TASK
Copy the data that follows, character for character, minus the pictures.

RECORDS SUPPLIED
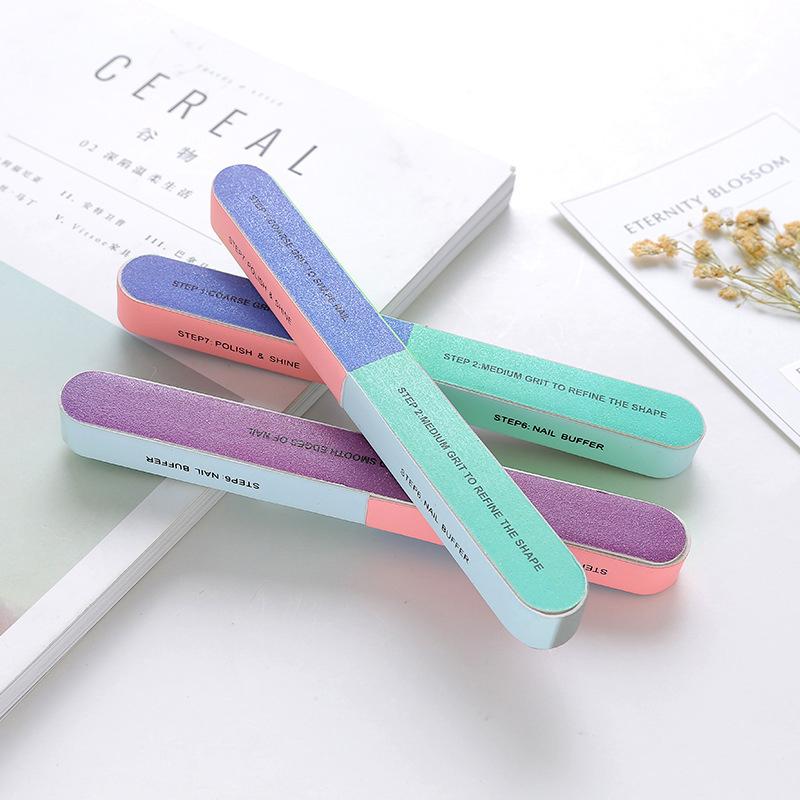1Pcs 6 Sides Polishing Nail File Sanding Professional Buffer Block Durable Pedicure Buffing Polish File Nail Art Tool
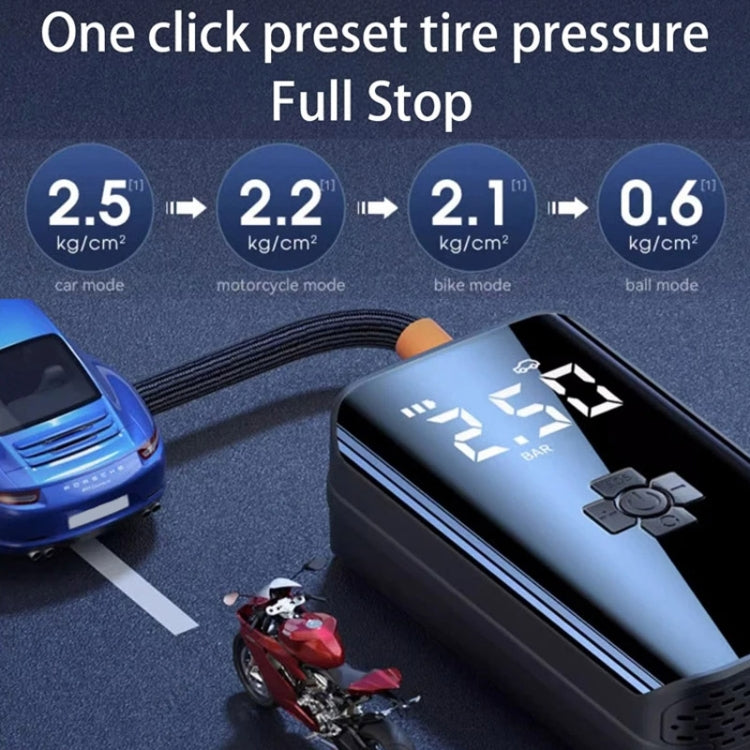 Car Inflatable Pump Portable Mini Car Tire High Power High Pressure Inflatable Pump, Wired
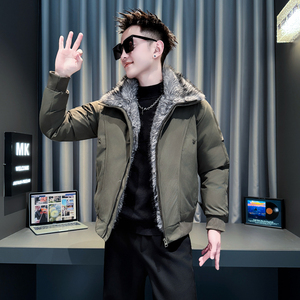 黑首314B-2-F13-P148控198冬款加厚棉衣男休闲棉服外套图片
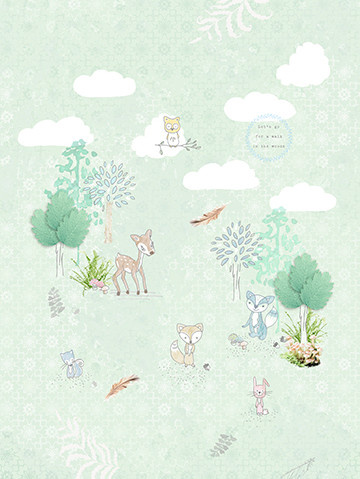 Kay & Liv - Forest Friends 200x280cm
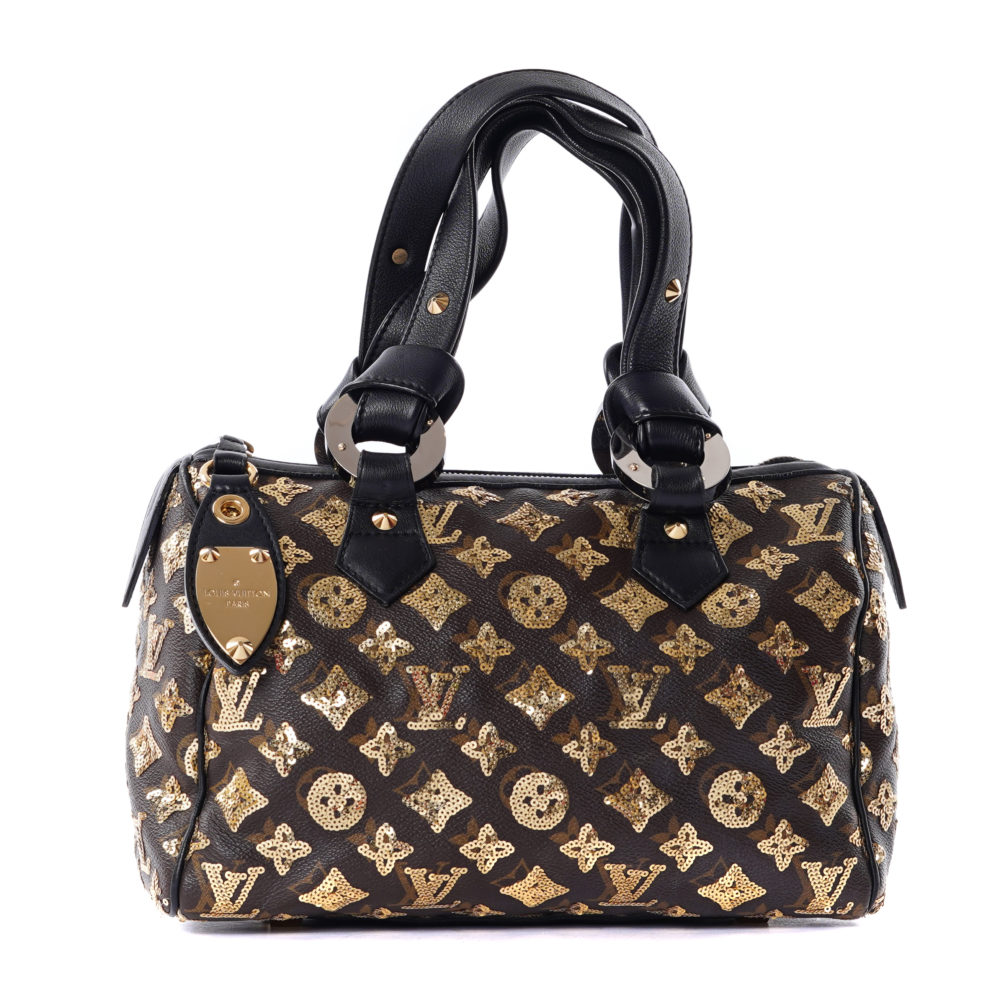 Louis Vuitton Speedy 30 Eclipse Gold Sequins Limited Edition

ANSWER SPACE
1Pcs 6 Sides Polishing Nail File Sanding Professional Buffer Block Durable Pedicure Buffing Polish File Nail Art Tool
 Car Inflatable Pump Portable Mini Car Tire High Power High Pressure Inflatable Pump, Wired
 黑首314B-2-F13-P148控198冬款加厚棉衣男休闲棉服外套图片
 Kay & Liv - Forest Friends 200x280cm
 Louis Vuitton Speedy 30 Eclipse Gold Sequins Limited Edition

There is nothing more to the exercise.